START DATA SUPPLIED

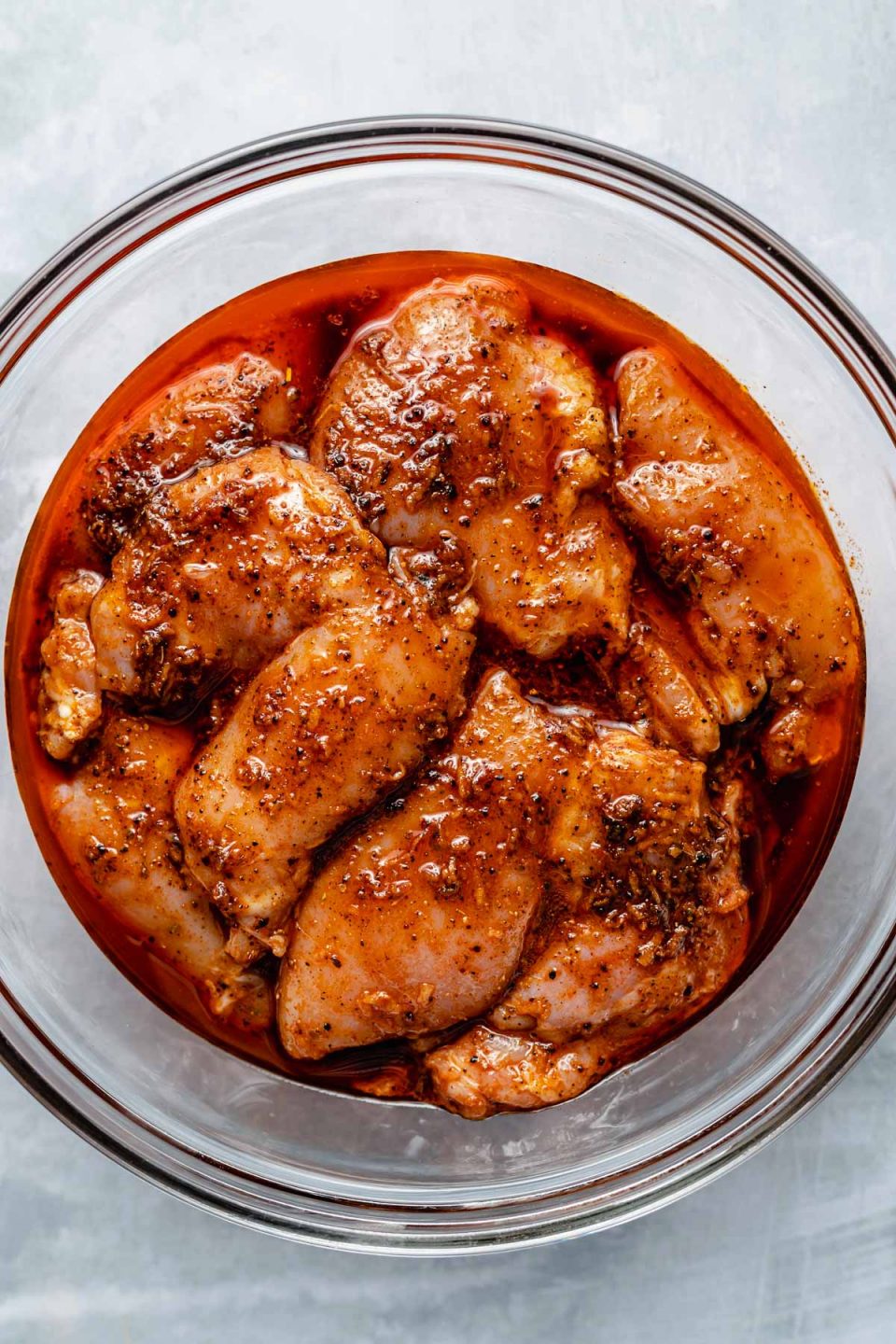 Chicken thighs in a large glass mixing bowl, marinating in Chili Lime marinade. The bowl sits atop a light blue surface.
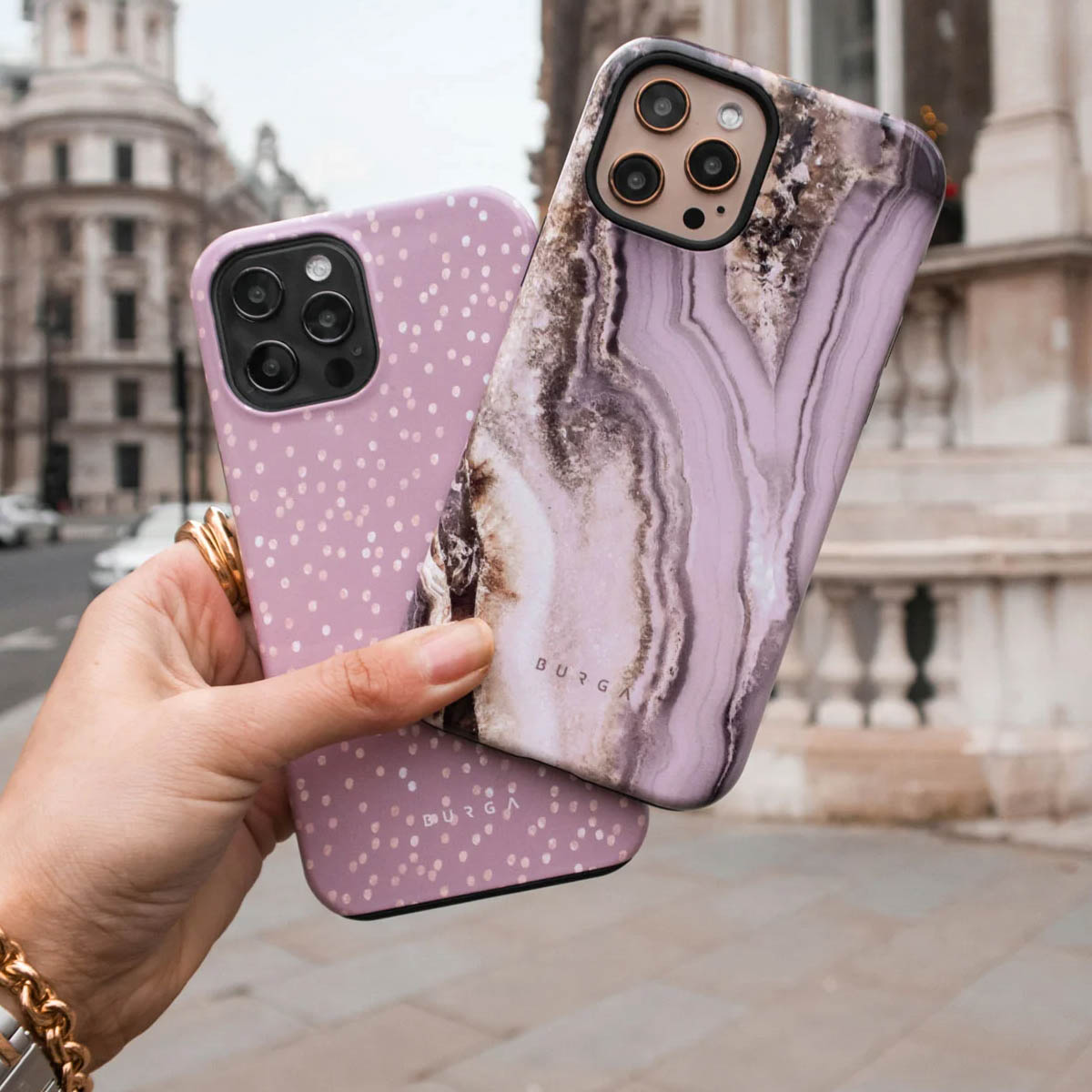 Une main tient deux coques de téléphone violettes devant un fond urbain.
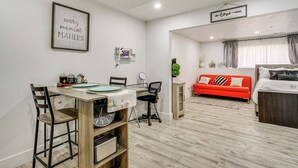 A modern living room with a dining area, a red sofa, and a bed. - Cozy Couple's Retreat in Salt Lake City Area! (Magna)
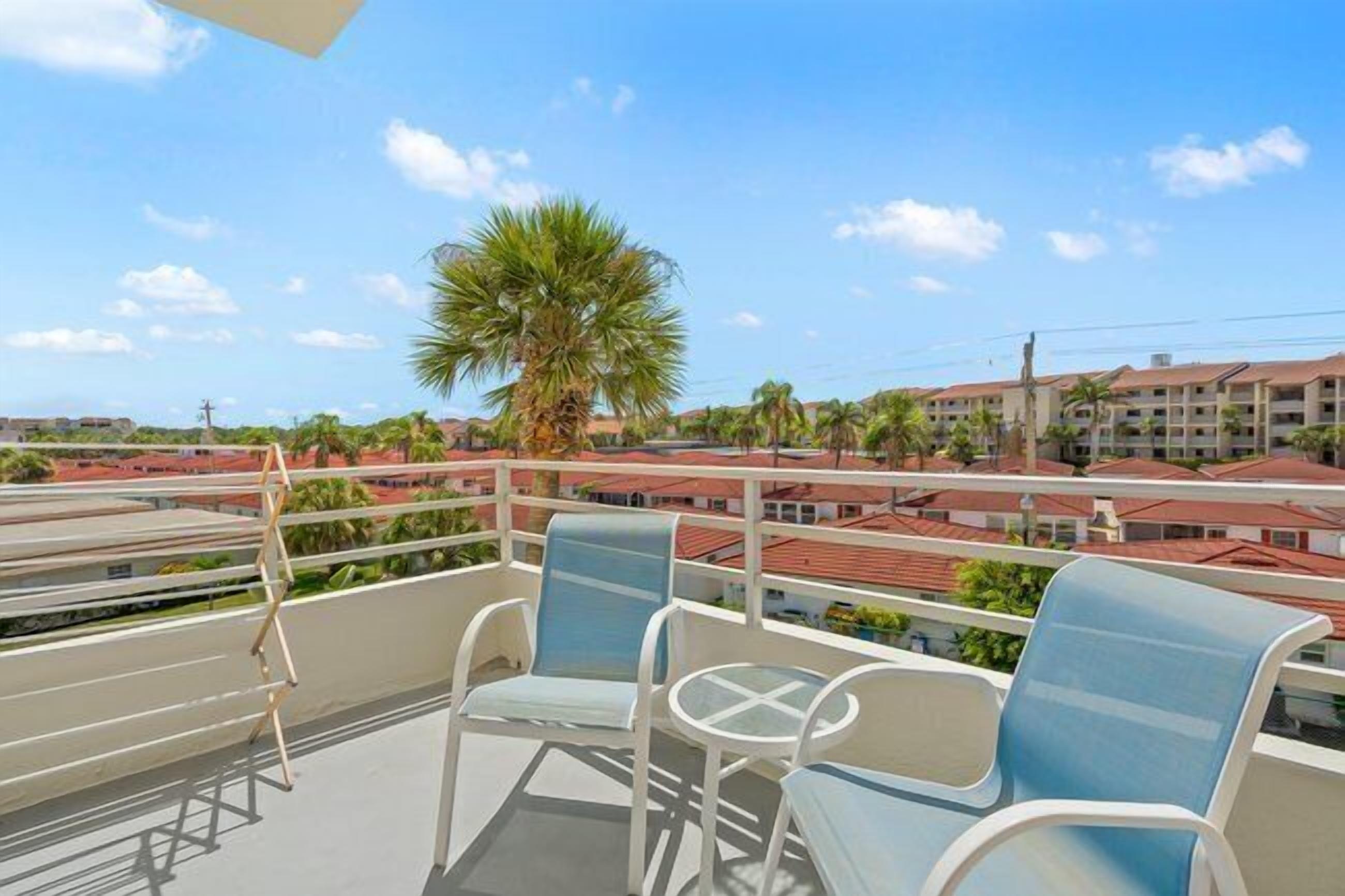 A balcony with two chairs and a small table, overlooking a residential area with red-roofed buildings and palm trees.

END DATA SUPPLIED
START DATA SUPPLIED

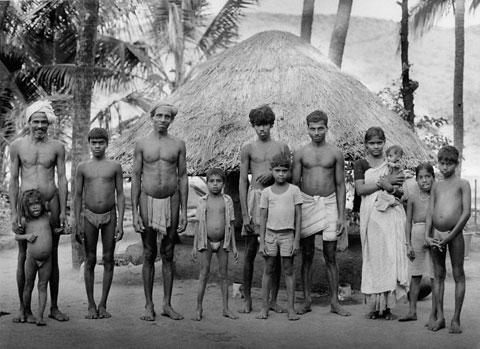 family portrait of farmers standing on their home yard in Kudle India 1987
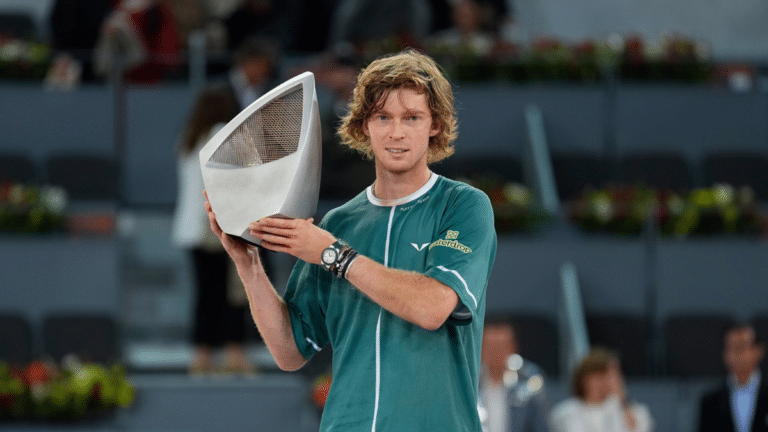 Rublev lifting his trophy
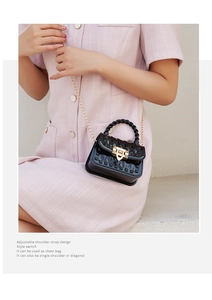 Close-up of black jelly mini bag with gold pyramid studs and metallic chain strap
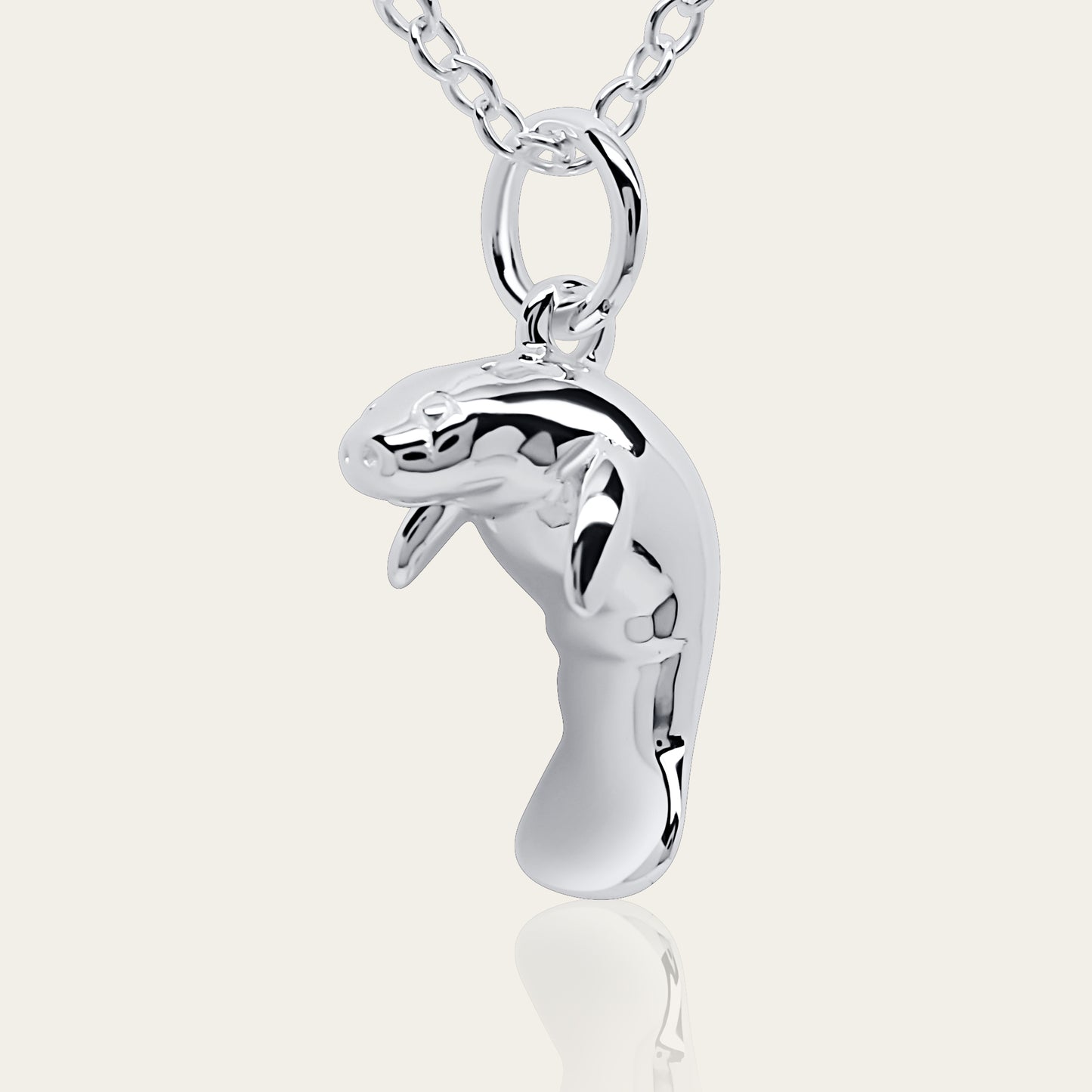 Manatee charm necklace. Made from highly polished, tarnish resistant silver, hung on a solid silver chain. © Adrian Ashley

END DATA SUPPLIED

DESCRIPTION OF THE TASK
An exact copy is needed of the entries above, starting at the line that holds "Chicken thighs in" and stopping at the line that holds "A balcony with", both kept; pictures stay out.

RESULT BELOW
 Chicken thighs in a large glass mixing bowl, marinating in Chili Lime marinade. The bowl sits atop a light blue surface.
 Une main tient deux coques de téléphone violettes devant un fond urbain.
 A modern living room with a dining area, a red sofa, and a bed. - Cozy Couple's Retreat in Salt Lake City Area! (Magna)
 A balcony with two chairs and a small table, overlooking a residential area with red-roofed buildings and palm trees.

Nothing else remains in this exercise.